>>>

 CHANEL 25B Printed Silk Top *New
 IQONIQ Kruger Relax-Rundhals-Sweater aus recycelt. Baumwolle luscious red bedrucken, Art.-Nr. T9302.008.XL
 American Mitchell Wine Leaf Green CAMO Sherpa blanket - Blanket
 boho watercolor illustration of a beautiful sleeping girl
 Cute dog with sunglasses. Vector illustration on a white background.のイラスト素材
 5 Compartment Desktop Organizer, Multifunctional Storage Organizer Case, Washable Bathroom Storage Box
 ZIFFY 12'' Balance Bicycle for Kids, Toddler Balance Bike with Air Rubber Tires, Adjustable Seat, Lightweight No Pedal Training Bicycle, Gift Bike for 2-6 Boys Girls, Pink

<<<
>>>

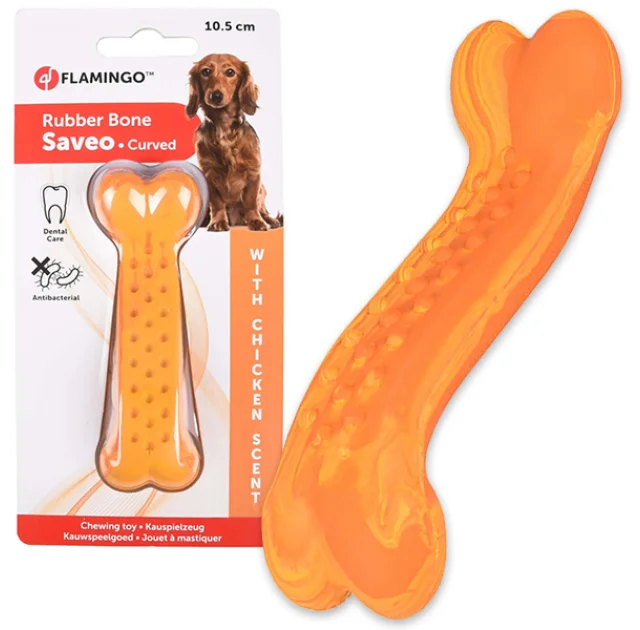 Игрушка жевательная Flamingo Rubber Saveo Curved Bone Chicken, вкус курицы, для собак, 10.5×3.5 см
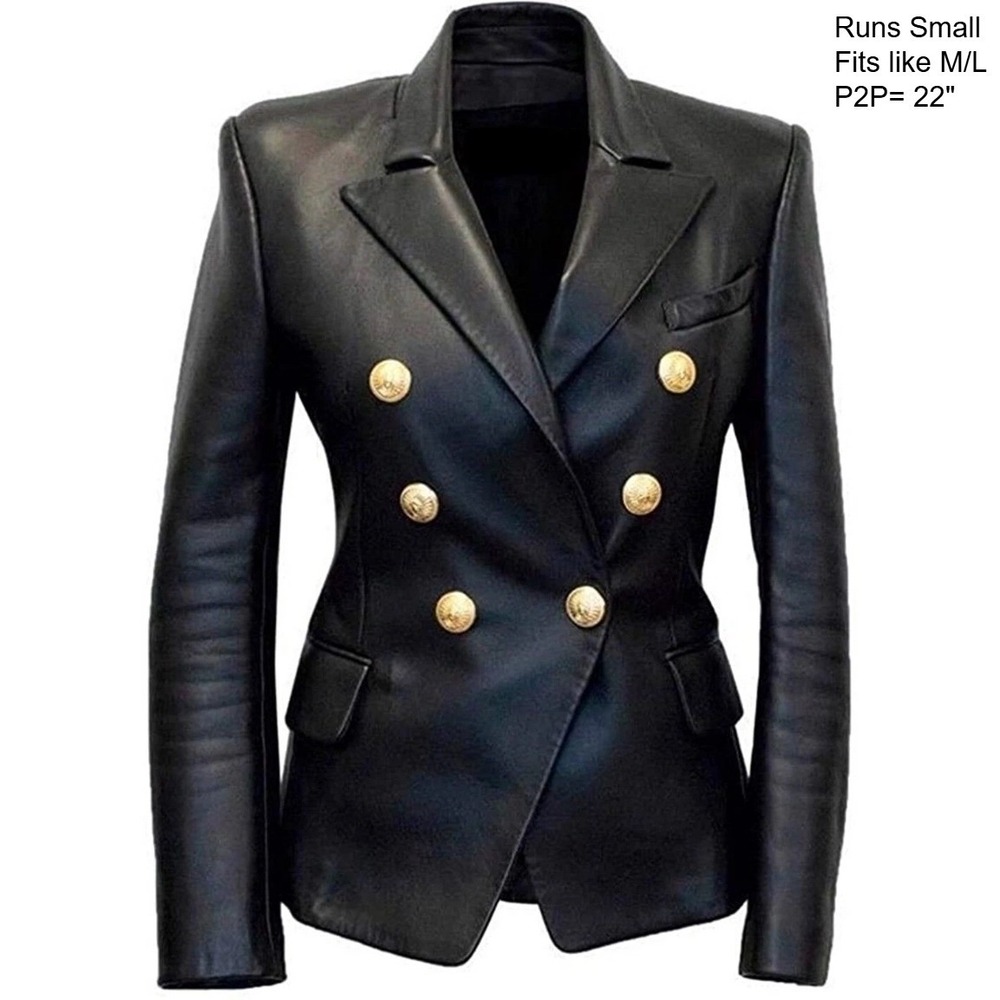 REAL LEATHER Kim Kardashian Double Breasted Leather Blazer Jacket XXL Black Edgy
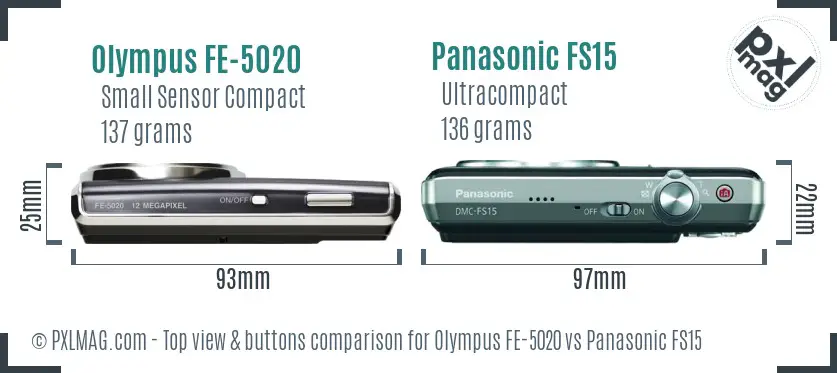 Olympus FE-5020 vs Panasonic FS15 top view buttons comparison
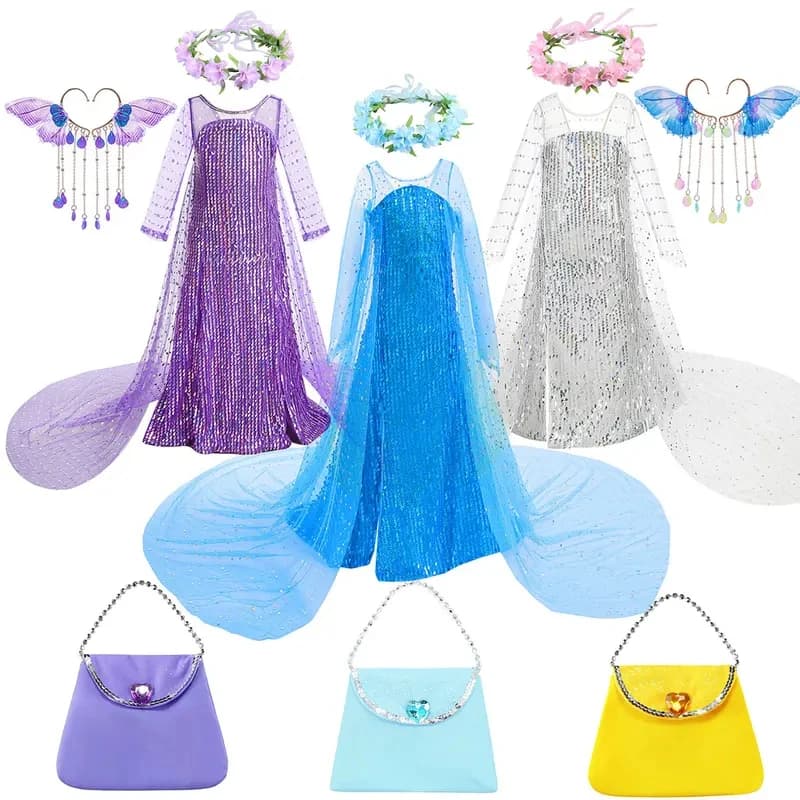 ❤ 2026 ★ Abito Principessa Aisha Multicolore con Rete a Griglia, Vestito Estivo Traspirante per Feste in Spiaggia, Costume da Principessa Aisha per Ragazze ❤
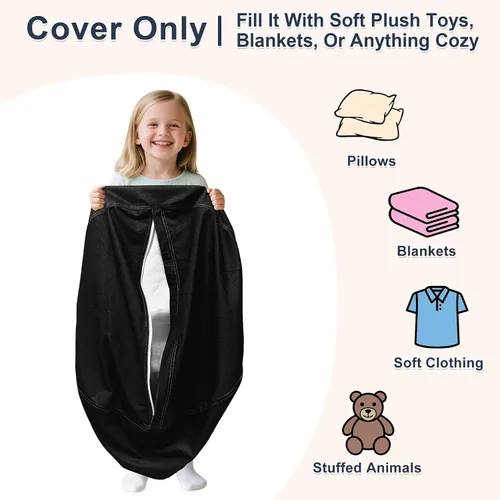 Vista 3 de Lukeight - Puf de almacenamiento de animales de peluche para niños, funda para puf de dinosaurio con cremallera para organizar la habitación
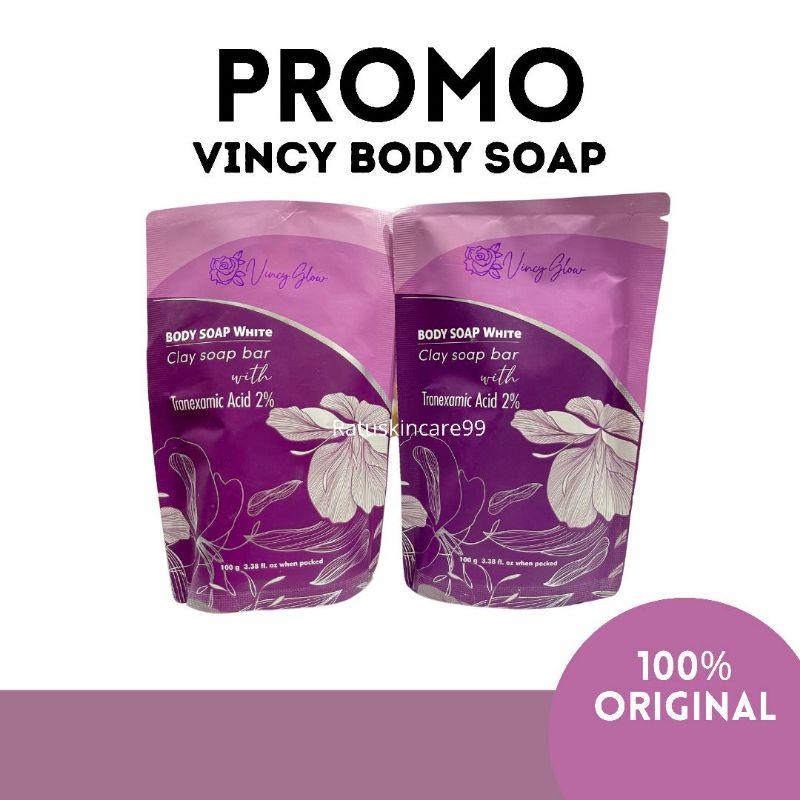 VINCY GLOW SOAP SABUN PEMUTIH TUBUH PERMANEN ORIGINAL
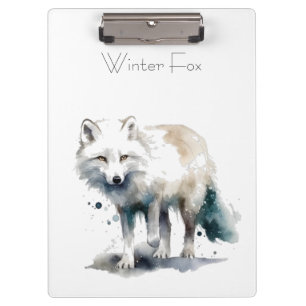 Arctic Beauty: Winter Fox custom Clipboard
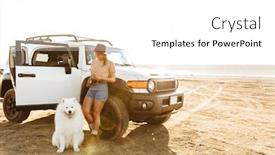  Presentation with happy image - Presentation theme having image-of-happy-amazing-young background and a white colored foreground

<<<

WHAT YOU NEED TO DO = Proceeding from the line containing "CHANEL 25B Printed Silk Top *New" through the line containing "Cute dog with", transcribe the lines above exactly, both end lines included.

RESULT OF THIS EXERCISE =
 CHANEL 25B Printed Silk Top *New
 IQONIQ Kruger Relax-Rundhals-Sweater aus recycelt. Baumwolle luscious red bedrucken, Art.-Nr. T9302.008.XL
 American Mitchell Wine Leaf Green CAMO Sherpa blanket - Blanket
 boho watercolor illustration of a beautiful sleeping girl
 Cute dog with sunglasses. Vector illustration on a white background.のイラスト素材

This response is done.